Pomegranate wine is never marketed as a health product, though manufacturers rarely shy from pointing out all of the potential benefits of the occasional drink. This marketing can be a bit deceptive, though. Although red wine has protective elements not usually present in grape juice, there is little in pomegranate wine that is not equally accessible through the non-alcoholic pomegranate juice.
Fruit wine makers generally recommend serving pomegranate wine the same way as any other wine. It is sometimes chilled, but not always. The beverage also does well when used as a mixer or a base for fruit cocktails.
Less frequently, the phrase “pomegranate wine” can also apply to grape wine that has simply been flavored with pomegranate juice, either during fermentation or just afterward. This sort of wine often tastes vaguely of pomegranates, but lacks the flavor intensity of its pure-fruit cousins. Rarely do pomegranate health benefits transfer in this sort of preparation, either.
@Terrificli -- I am not sure I agree with that. You can save some money and get wine flavored with pomegranate juice, but it will not taste the same.
As for the price, you really do get what you pay for. Look at it this way.

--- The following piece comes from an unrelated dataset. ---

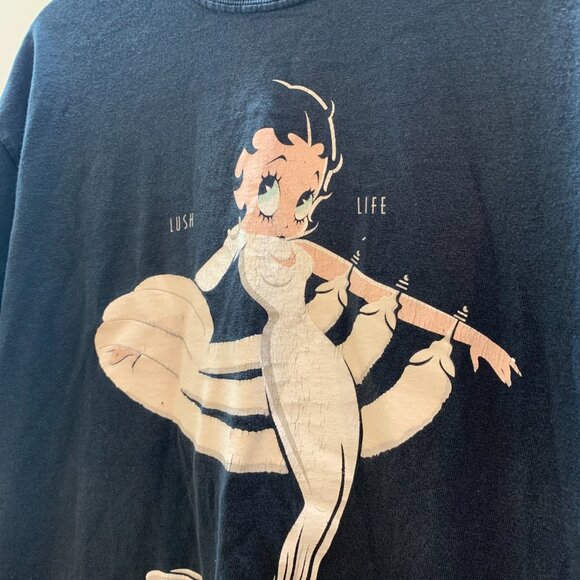 Betty Boop Vintage 1990s Lush Life Jerzees Tag Shirt - Size Large - Picture 3 of 7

A really good pomegranate wine will be expensive just like a really good regular wine will be expensive. If you love pomegranate wine, get ready to pay a little bit for it.
One thing to keep in mind about pomegranate wine is that it is typically fairly expensive. That is because you have to use a heck of a lot of fruit to make that wine, and pomegranate is a popular fruit. The laws of supply and demand apply. Since there is something of a shortage, the price of the fruit is fairly high.
If you want a similar taste but don't want to pay that pomegranate premium, you might try a grape wine that is flavored with pomegranate juice. You get the flavor but not necessarily the expense. The best of both worlds.